The task calls for the lines below from the line with "Afralia™ Forest Plant" to the line with "NWT Jantzen Foldover", both ends included, copied exactly, without any pictures.
(RECORDED DATA begins)
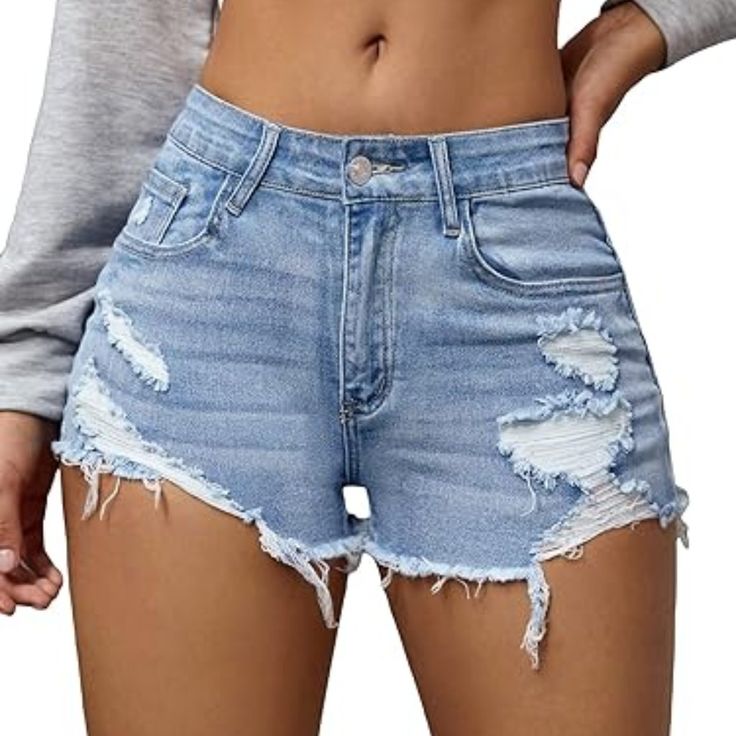 Denim Fabric, Has Some Stretch Raw Hem, Ripped, Pocket, Zipper, Straight Leg Easy To Pair With Blouse, Tee Top, Cami, Tank Top Model Measurements: Height: 68.5 Inch, Bust: 32.3 Inch, Waist: 24 Inch, Hips: 33.5 Inch. Wear: S Fitted Ripped Denim Jean Shorts, Fitted Denim Shorts With Ripped Details, Non-stretch Denim Jean Shorts, Non-stretch Medium Wash Denim Jean Shorts, Non-stretch Denim Jean Shorts For Spring, Non-stretch Medium Wash Jean Shorts For Summer, Top Model, Denim Fabric, Top Tee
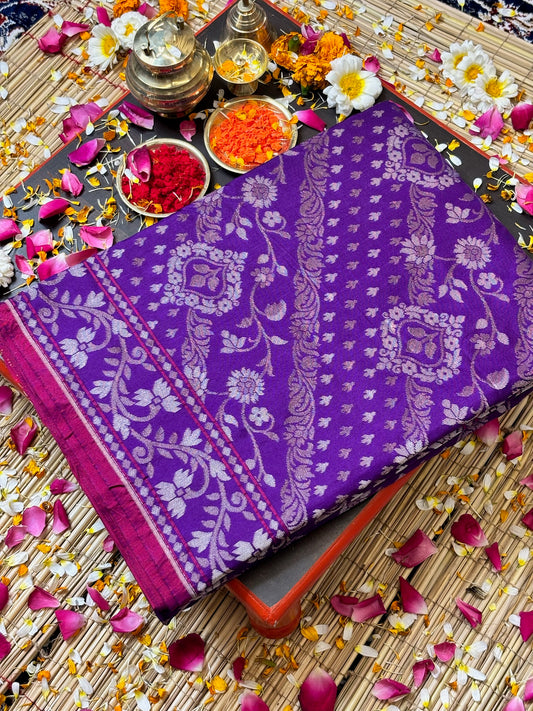 Pure Ektara Silk Jamdani Saree | Elegant Purple Design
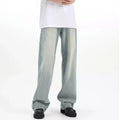 Blue retro-style loose casual trousers made from rabbit fur on a size chart.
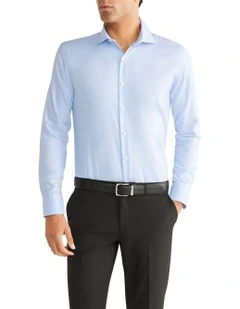 Slim Long Sleeve Plain Jumbo Twill Business Shirt in Sky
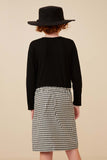 GK1317 Black Girls Houndstooth Skirt Long Sleeve Knit Dress Back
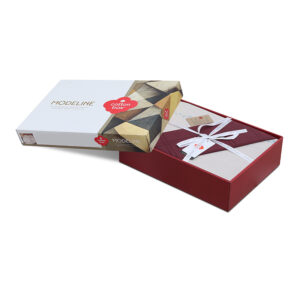 Σετ παπλωματοθήκη Flos Cotton Box 4 τμχ Διπλή (200x220) χρώμα μπορντώ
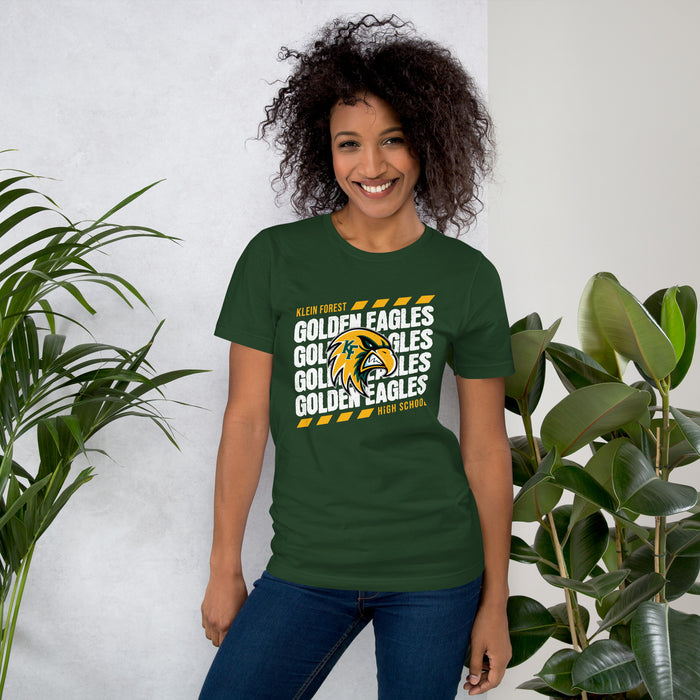 Woman wearing Klein Forest High School Golden Eagles Premium Forest Green Unisex T-shirt 223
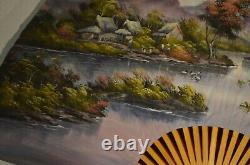 Former Grand Fan 1.25 M X 2.15 M Plie Painted Main Oil On Canvas Table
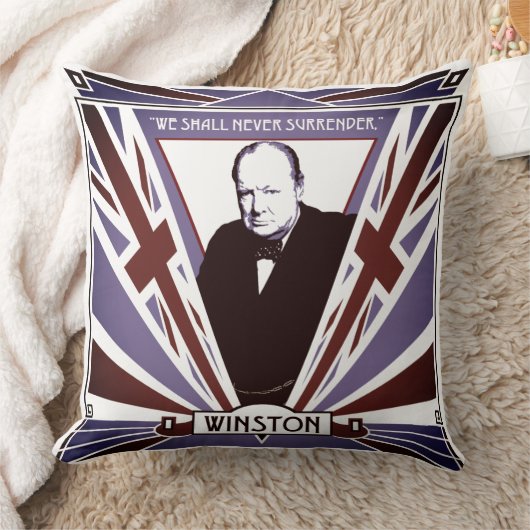 WW2 Winston Churchill Art Deco Stil Union Jack Kissen (Decke)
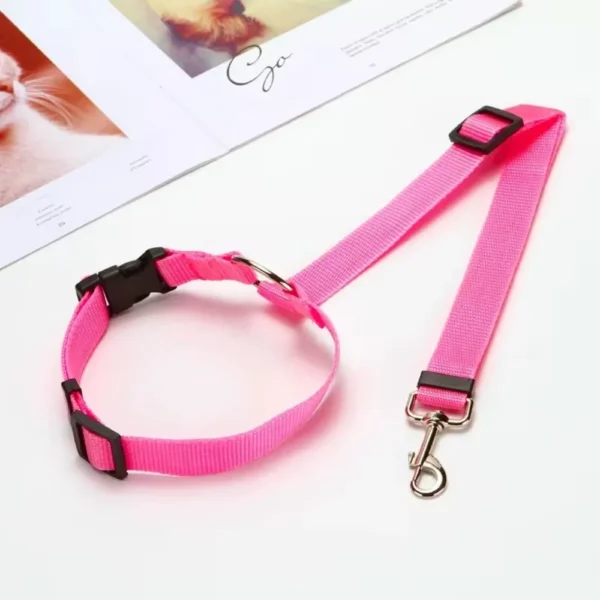Solid Color Two-in-one Pet Car Seat Belt Nylon Lead Leash Backseat Safety Belt Adjustable Dogs Harness Collar Pet Accessories - Image 9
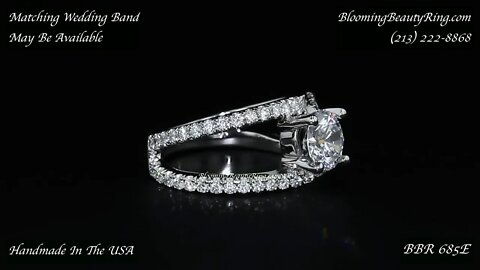 BBR-685E Diamond Engagement Ring Video By BloomingBeautyRing.com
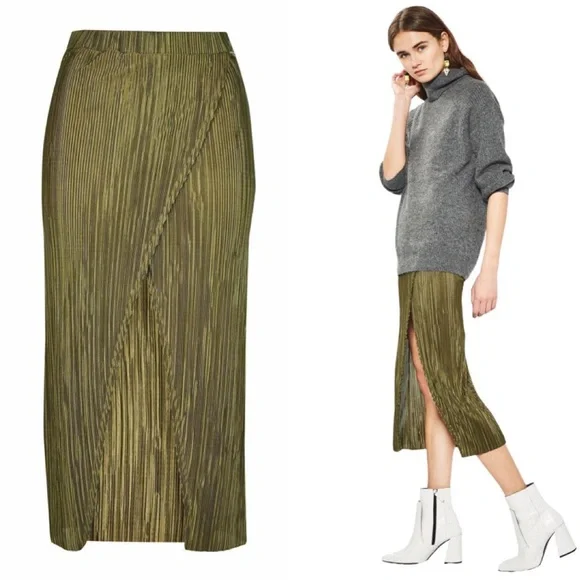 Topshop Skirts Topshop Olive Plisse Wrap Midi Skirt W Slit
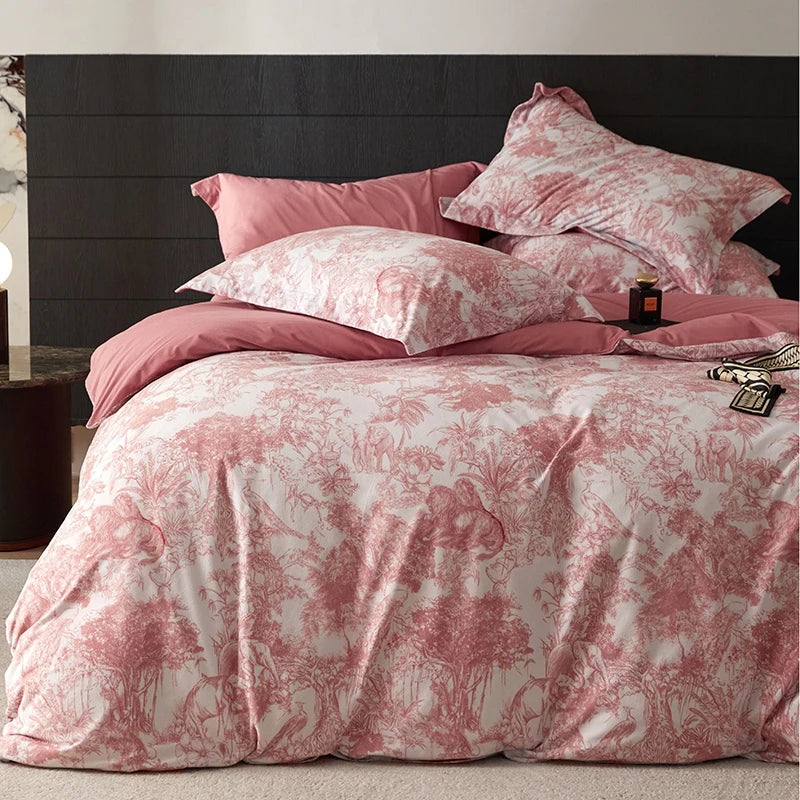 Afralia™ Forest Plant Ink Print Bedding Set, Soft Warm Duvet Cover Set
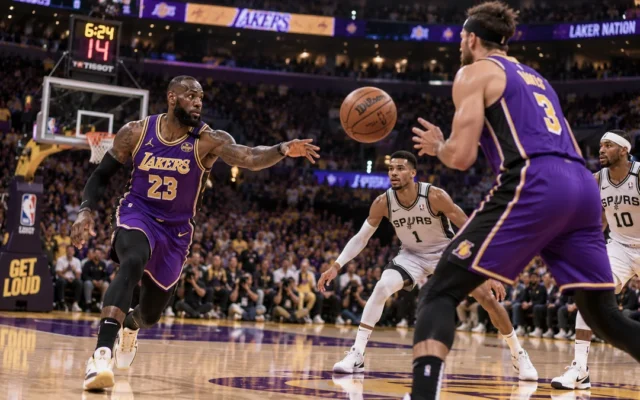 Jogadores dos Lakers de roxo e dourado executam um pick-and-roll contra defensores de branco
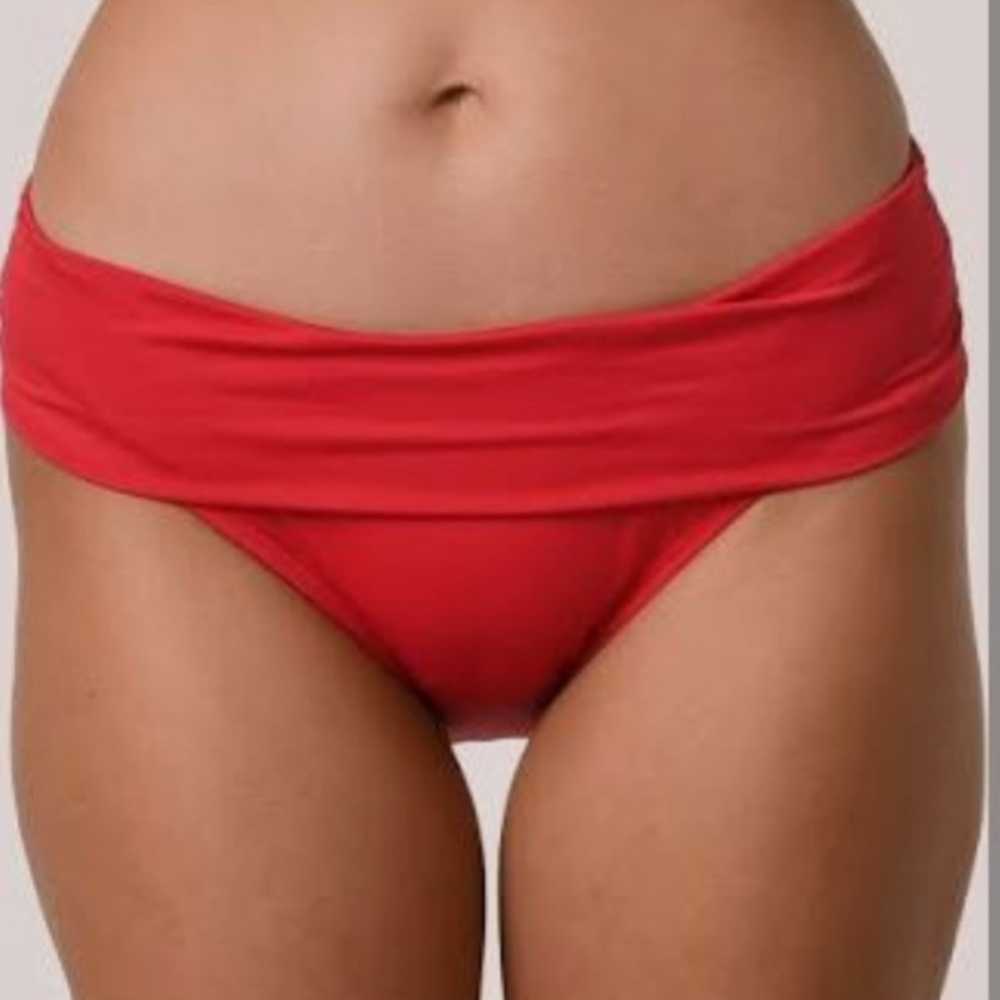 NWT Jantzen Foldover Hipster Swimsuit Bottoms RED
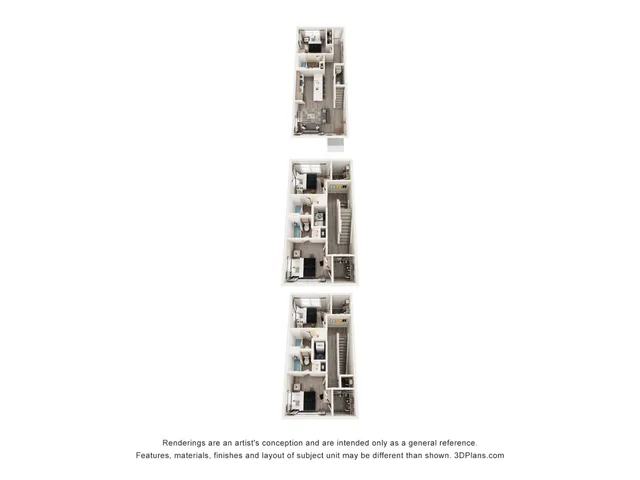 Elegant multi-level floor plan showcasing three-unit layouts, each with modern kitchens, cozy living spaces, and well-designed bedrooms. Ideal for contemporary living.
(RECORDED DATA ends)
> _REPLY_:
 Afralia™ Forest Plant Ink Print Bedding Set, Soft Warm Duvet Cover Set
 Jogadores dos Lakers de roxo e dourado executam um pick-and-roll contra defensores de branco
 NWT Jantzen Foldover Hipster Swimsuit Bottoms RED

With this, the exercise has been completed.